Mayor Parker says the city’s pension obligations are up by 21 percent, which will cost the city an additional $45 million in the coming year. Though there’s not much growing room in the budget, she is asking council to approve additional funding for more animal control officers in BARC. And she’s setting aside an extra $10 million for short-term pothole repairs.
“As has been the case in every year of my administration, it does not require a tax increase to fund,” Parker said. “The budget will maintain full funding of the $20 million Rainy Day Fund.”
But Parker says there’s a potential budget shortfall for her final year in office.
It’s because of a charter amendment that was passed in 2004 that created a revenue cap on the city’s general fund. That simply means the city cannot make more than a certain amount from property tax revenue. And in fiscal year 2016, the city is projected to exceed that cap.
“We will be forced to significantly roll back city taxes, the city tax rate, to reduce the revenue coming into the city if that revenue cap stands as written today,” Parker said.

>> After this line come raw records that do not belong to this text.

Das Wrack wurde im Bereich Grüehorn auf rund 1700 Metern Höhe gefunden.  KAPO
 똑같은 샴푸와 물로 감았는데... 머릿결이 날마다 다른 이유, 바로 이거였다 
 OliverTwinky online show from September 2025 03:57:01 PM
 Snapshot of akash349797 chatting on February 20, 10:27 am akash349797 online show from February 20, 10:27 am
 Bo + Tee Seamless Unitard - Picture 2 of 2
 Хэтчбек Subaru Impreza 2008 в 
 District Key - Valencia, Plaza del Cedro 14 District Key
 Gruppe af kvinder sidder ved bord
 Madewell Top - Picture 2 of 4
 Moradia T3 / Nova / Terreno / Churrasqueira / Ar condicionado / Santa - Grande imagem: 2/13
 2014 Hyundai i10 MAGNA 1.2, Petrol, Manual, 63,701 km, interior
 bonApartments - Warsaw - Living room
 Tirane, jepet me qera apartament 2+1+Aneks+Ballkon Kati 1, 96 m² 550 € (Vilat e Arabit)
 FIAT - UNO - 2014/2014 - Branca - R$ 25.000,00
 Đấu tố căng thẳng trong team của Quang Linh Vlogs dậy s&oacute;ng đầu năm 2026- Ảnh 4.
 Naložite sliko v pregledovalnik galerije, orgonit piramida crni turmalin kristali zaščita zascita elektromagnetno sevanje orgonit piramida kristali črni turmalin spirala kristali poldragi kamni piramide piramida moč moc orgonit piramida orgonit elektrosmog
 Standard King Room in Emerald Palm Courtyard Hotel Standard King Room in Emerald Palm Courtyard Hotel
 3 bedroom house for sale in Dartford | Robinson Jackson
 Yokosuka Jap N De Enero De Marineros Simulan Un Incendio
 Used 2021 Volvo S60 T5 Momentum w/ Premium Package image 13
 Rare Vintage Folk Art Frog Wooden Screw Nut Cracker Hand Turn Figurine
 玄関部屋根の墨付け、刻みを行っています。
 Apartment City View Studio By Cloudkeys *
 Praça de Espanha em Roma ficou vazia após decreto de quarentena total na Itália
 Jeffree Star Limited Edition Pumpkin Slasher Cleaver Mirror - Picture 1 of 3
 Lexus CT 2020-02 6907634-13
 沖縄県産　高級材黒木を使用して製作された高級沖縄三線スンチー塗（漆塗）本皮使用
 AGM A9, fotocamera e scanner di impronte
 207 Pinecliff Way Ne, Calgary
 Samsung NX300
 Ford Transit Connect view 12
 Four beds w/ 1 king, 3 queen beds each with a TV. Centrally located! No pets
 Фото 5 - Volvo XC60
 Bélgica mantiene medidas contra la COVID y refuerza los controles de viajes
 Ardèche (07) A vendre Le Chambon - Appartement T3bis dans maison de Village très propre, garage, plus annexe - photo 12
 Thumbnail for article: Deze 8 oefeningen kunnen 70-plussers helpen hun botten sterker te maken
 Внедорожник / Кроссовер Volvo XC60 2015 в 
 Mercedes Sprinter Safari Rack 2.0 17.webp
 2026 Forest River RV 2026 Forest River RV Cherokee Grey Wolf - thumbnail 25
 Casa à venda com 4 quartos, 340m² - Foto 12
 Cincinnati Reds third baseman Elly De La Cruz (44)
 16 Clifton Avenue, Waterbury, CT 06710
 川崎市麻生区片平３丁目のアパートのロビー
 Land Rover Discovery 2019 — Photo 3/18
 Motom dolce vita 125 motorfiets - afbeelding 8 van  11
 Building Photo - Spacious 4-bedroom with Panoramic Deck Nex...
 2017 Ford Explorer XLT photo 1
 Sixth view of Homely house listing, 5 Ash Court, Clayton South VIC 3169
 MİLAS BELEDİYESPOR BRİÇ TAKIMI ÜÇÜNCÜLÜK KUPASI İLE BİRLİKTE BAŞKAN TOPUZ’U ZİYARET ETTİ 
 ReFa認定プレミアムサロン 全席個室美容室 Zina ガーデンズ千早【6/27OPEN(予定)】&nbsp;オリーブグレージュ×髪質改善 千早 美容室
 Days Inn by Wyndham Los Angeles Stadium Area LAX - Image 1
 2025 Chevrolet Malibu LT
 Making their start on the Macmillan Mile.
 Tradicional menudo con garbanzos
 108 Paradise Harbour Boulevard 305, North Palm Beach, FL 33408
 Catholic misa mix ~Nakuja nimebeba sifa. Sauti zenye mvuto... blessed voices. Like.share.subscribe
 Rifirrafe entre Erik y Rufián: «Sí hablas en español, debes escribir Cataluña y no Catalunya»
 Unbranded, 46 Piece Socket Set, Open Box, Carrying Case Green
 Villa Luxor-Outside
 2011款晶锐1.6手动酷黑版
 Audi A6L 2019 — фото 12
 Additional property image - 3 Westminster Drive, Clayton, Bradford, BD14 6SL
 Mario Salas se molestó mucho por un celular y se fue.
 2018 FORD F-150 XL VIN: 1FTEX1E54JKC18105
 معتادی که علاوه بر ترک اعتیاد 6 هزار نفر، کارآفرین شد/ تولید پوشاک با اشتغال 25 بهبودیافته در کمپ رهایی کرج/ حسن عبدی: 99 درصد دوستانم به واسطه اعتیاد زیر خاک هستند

Former Mayor Bill White was in office when that revenue cap was passed. He says it was intended to provide a property tax break to Houstonians and that’s exactly what it’s doing in this case.
“It has occurred, from time to time, that if you have a real estate boom, then you’ll have homeowners that are not making much more income from year to year, but their property taxes will go up very sharply,” White said. “And this was intended to make sure that there was some accountability for that.”
The revenue cap serves as a built-in tax break for overburdened homeowners. But White says there’s also an avenue for city officials to get around the cap by asking voters to approve an increase for certain expenditures, an avenue he already tested in 2006.
“When we went to the voters and got an increase in the revenue cap to spend more on public safety in the aftermath of Hurricane Katrina,” White said.
Mayor Parker says she will likely take a similar proposition to the voters in 2015. But in the event that it fails, she must come up with other solutions to maintain a balanced budget in the next fiscal cycle. Among those options are cuts to services, additional fees for other services perhaps including garbage collection and recycling, and a push for pension reform.